A Família do Pintor de Giorgio de Chirico
Conta as voltas da hélice do ventilador,
contempla o teto e ouve os barulhos da rua
Vai reconhecendo sua casa. Na
verdade, conhecendo, descobrindo. As gavetas dos armários, de cedro, perfumadas.
Os papéis acumulados em escrivaninhas, apesar da recomendação dela de jogar
logo fora. Há quantos anos não tiro nada das gavetas? Só coloco, coloco, coloco
e coloco. A memória de minha vida.
Que vida? Esta memória nunca
consultada que vai ser atirada ao lixo, assim que morrer. Que é nada na ordem
das coisas. Papéis, fotos, contas e anotações. Que importância têm? Documentos
do quê? De um homem comum. Ora, a história jamais se interessou pelo homem
comum. E por que havia de?
Lembranças. A ternura ressurge numa
foto em preto e branco a mão. E os galos ainda existem, porém continuam
cantando das 16 horas em diante. Vendo esse retrato sente-se só. Posto que se
dissesse isto aos seus amigos aqui, morreriam de rir. E o que parece, eles
encontrariam argumentos para lhe provar que a solidão está fora de lugar. Não
são tempos para ele. Diriam: Estamos todos sozinhos, ninguém reclama. Só o
senhor.
Pode ser, mas não tinha nada a ver
com os outros. A sua solidão sufoca e pesa. Pensa em outras coisas, olha a situação
à sua volta, não é possível ter mais sentimentos subjetivos. Imagina que diriam
isso, parece um homem prático, concreto em suas propostas. Bem, pura cogitação.

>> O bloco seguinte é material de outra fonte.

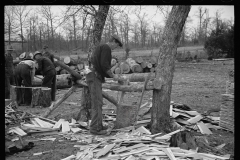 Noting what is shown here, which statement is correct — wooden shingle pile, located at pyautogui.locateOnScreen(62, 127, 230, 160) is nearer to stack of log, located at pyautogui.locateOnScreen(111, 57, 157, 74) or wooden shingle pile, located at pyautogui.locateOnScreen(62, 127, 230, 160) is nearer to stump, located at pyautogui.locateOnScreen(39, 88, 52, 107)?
stump, located at pyautogui.locateOnScreen(39, 88, 52, 107)

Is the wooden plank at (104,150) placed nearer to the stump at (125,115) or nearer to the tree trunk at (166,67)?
the tree trunk at (166,67)

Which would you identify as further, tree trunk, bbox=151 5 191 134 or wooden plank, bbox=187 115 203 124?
wooden plank, bbox=187 115 203 124

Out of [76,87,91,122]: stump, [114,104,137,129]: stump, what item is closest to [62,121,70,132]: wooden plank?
[76,87,91,122]: stump

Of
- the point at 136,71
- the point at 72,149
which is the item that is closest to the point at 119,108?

Entende, porque deseja eliminar as
lembranças. Alguma coisa ficou para trás, irrecuperável, e esta privação dói dentro
dele. Para eliminar o sofrimento, elimina-se a memória. Uma cirurgia
aparentemente simples, única solução. Só que não consegue, tudo é vivo dentro
de si. Agitado.
A imagem de sua mãe em alguma parte
do cérebro. Escondida no seu próprio medo. Cada dia que passava, ela se
assustava mais. Uma vez, chegou a pedir que não mudasse de Presidente Prudente,
que não se separasse dela. Não sabia explicar porquê, assim que fechava a porta,
de manhã, ela entrava em pânico.
Custa muito a se recompor. Fechava
as portas e janelas, passava trancas. Não era apenas pelo calor. As pessoas em
volta dela eram completamente estranhas, desconhecidas. “Vou às compras na
véspera de Natal e não vejo um só rosto familiar! Onde estão os nossos
vizinhos, amigos e parentes?” – dizia serena e com a voz calma e aveludada. Durante
certo tempo comentava a multidão que cresce, dia a dia, na cidade. Conversava,
tranquilamente, sem medo, sem refletir profundamente o que estava se passando.

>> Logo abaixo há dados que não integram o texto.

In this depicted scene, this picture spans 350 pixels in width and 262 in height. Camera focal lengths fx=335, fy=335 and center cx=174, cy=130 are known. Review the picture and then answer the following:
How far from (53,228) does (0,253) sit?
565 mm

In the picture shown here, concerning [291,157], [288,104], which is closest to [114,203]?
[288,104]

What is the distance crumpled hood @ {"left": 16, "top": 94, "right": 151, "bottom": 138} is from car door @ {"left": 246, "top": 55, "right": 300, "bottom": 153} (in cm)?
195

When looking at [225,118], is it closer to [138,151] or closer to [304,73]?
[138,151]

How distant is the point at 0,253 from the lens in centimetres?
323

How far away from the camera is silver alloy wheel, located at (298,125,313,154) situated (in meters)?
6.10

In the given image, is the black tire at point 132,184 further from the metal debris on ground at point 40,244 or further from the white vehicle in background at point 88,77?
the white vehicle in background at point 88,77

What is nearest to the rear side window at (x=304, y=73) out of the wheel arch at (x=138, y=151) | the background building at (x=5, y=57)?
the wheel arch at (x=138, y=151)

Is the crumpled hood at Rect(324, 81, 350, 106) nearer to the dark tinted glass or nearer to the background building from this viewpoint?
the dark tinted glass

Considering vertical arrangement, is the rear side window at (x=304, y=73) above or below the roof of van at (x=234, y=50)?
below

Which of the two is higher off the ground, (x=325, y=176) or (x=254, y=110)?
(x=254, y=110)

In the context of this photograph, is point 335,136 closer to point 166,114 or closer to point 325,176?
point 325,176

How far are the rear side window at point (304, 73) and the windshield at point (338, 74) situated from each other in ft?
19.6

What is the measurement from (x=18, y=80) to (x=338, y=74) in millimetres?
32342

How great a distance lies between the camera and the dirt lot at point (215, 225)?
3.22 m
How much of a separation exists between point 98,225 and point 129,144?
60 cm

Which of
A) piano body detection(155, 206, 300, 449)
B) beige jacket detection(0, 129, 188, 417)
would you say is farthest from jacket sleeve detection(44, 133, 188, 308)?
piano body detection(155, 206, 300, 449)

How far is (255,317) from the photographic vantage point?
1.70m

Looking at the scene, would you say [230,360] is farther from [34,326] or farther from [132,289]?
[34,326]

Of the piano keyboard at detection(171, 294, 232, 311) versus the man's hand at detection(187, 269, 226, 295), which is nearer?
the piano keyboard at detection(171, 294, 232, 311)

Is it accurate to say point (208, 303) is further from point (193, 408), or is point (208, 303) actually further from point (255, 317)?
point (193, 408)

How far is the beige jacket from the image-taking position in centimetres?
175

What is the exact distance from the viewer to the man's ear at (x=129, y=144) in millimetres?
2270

Era uma constatação dos dias que corriam. Não se preocupava de onde tais
pessoas vinham, ou porque estavam vindo. Ou quem eram. As ruas iam se enchendo,
cada vez mais intransitáveis. Vieram os primeiros grandes problemas de circulação.
E de repente, os rostos, aqueles que via diariamente, quase que às mesmas
horas, em situações idênticas, passaram a desaparecer como se esvaíssem em
plena neblina. Sol escaldante, ar seco,
são sensações que os tomam, quando vislumbram a multidão, compacta, fechada,
mais fechada. Andam ombro a ombro, rosto a rosto, e ninguém se encarava.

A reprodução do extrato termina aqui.